The first point he made was that apples don’t grow from seed. You throw that apple core in the trash heap and, assuming it grows, it only has a one in fifteen thousand chance it will produce an apple that you can eat. “You’re liable to grow something from Kazahkstan,” he said, where the wild progenitor of the modern cultivated desert apple can still be found.
The reason for this is that every apple seed carries with it a blueprint for a very different apple tree. “Heterozygosity,” I later read is what they call it. Only very rarely does an apple tree come into existence with the right kind of apple you are looking for.
The way to do it is to wait for one of these lottery-winning apples and clone it, which you do by taking clippings from the desired tree, what he calls scions, and grafting them onto some root-stock, a specialized tree that determines how large the scion grows and how early it fruits. Apparently there are only a few standardized root-stock varieties available, called weird names like M9, M26, and MM106. Don’t ask me what happens if a disease kills this limited rootstock-pool, though these people are trying to find out.
Derek’s trees come from the Merridale Cidery on Vancouver Island, which, along with Sea Cider, maintain some of the only cider apple orchards in the Province. Merridale’s founder Al Piggott got the trees originally from Herfordshire and Somerset. Derek says these varieties are “rare” and “completely unknown in North America,” adding that “there are not many places in the world where specialty apples are grown just for cider- other is Normandy.”
What followed was a crash course in cider. “Cider can be made from any apples, like wine from any grapes. We used to make wine from Thompson seedless when we were desperate. Can’t remember if it produced anything but a headache.”
Canadian cider has been equally mindless. “The Okanagan cideries make cider from any apples they can find,” he said, comparing the product to the wine made from Thompson seedless. “Making proper cider from cider apples was not something people thought about. It was’t something people thought was available. Nobody knew what it was, didn’t think there was anything else.”
The art of Cider, from what I could make out, was currently in a bit of a dark age. From the days of Johnny Appleseed through to the early 20th century, most people either had a cider orchard or had access to one.
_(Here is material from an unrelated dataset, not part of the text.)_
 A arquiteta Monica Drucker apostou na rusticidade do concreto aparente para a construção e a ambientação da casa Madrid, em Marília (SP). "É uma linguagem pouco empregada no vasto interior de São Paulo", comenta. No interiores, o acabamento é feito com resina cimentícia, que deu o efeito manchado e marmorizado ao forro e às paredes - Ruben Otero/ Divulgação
An apple was more likely to be fermented in a cider barrel than eaten. But once the temperance movement began brandishing the axe, a symbolic gesture aimed in part at the destruction of the cider-orchard, the cider-apple’s days were numbered. By the time of prohibition, apple growers focused on the sweet varieties, like the Red Delicious and Macintosh, and the bitter old varieties bound for the cider barrels fell by the wayside.
Even England, the life-blood of cider, had lost interest. Factory-made plonk like Bulmers replaced the
small cideries. Then football hooligans adopted the drink for its alcohol content. “Hooliganism,” said Bisset, “meant by the 60’s cider had a very bad reputation.”
The result of all this has been a steady deterioration of cider that has left many of us, including myself, clueless to what it was, or could be. The popular, booming varieties, even the top sellers like Strongbow mentioned in this old Globe and Mail article, weren’t it. Nor were the standard Okanagan ciders, sweet, flacid and headache inducing, doing it for me.
It took one sip of Derek’s rich yellow home-brew to understand just how far off mark we have allowed cider to come. Fermented to dryness over a year relying on natural yeast and patience, it was sharp, alcoholic, and left a pleasant taste that followed us out into the orchard, where, with the fog still hanging over us, we kicked around at a few trees, looked at some grafts, and talked about when the snow would melt so we could come back and buy some for our own nascent cider orchards.